The Indonesian tobacco lobby is still the most powerful in Southeast Asia, a recent study has concluded, reflecting the difficulty faced by campaigners against the damage smoking does to health in the world’s second-largest cigarette market.

Carried out by the Southeast Asia Tobacco Control Alliance (SEATCA) with help from antitobacco groups in the nine assessed Southeast Asian countries, the study found that Indonesia had a tobacco-interference index of 81 in 2017, followed by Vietnam, Myanmar, Laos, Malaysia, Cambodia, Thailand, the Philippines and Brunei Darussalam.

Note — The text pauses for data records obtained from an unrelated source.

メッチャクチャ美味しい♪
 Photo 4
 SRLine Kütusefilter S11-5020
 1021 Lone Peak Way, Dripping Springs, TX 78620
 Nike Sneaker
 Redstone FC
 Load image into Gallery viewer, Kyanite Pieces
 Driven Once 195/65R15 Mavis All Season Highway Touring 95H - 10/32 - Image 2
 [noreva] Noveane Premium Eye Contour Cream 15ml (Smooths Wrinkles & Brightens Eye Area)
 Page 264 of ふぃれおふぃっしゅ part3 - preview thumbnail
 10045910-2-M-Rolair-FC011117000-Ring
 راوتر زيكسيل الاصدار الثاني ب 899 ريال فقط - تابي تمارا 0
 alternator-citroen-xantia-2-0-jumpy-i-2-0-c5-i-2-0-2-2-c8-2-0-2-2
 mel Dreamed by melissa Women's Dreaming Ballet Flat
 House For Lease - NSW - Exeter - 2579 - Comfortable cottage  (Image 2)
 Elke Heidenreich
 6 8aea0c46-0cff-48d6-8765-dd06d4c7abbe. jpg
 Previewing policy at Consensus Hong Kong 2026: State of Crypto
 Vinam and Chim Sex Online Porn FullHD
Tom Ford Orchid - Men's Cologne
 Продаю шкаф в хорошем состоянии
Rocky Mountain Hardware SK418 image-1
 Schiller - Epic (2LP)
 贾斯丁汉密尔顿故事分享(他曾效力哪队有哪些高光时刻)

Widyastuti Soerojo, head of the Indonesian Public Health Association’s (IAKMI) tobacco control board, said Indonesia’s index showed how “powerless” the country had been in tackling the influence of the tobacco industry, which “can potentially interfere in policy-making.”

“This weakness is because the government has not been solid in its stance on the tobacco issue. While the Health Ministry is strong in issuing antitobacco policies, the others are not,” Widyastuti told a media briefing in Jakarta on Monday held to discuss the SEATCA report.

The index used seven indicators to gauge the state of tobacco interference in the assessed countries, namely tobacco participation in policy development, tobacco industry-related corporate social responsibility (CSR) activities, benefits to the tobacco industry, unnecessary interaction, transparency, conflicts of interest and preventive measures.

SEATCA was supported by three Jakarta-based organizations, the IAKMI, the World Health Organization (WHO) and the Jakarta Residents Forum (FAKTA) in measuring tobacco interference in Indonesia by monitoring daily publications in newspaper and online outlets, government-agency websites, cigarette-producer websites, tobacco proponent groups’ websites and documentation of tobacco-related activities.

From the full-year monitoring, the assessors gathered numerous indicators of tobacco interference, some of which were very apparent such as the presence of government officials in tobacco-related events, the participation of cigarette makers in shaping tobacco-excise policies and the dubious deliberation of the tobacco bill in the House of Representatives.

Under tobacco participation in policy development, the groups found news items about cooperation between policy makers and the cigarette industry, one of which was about the East Java Provincial Legislative Council accepting the idea of making a tobacco bylaw proposed by a union of local cigarette producers.

Other publications used in the monitoring also included how the Finance Ministry’s directorate-general for customs and excises refused to simplify the tobacco excise tiers, apparently to accommodate requests by the tobacco industry. This was used to gauge the benefits to the tobacco industry indicator.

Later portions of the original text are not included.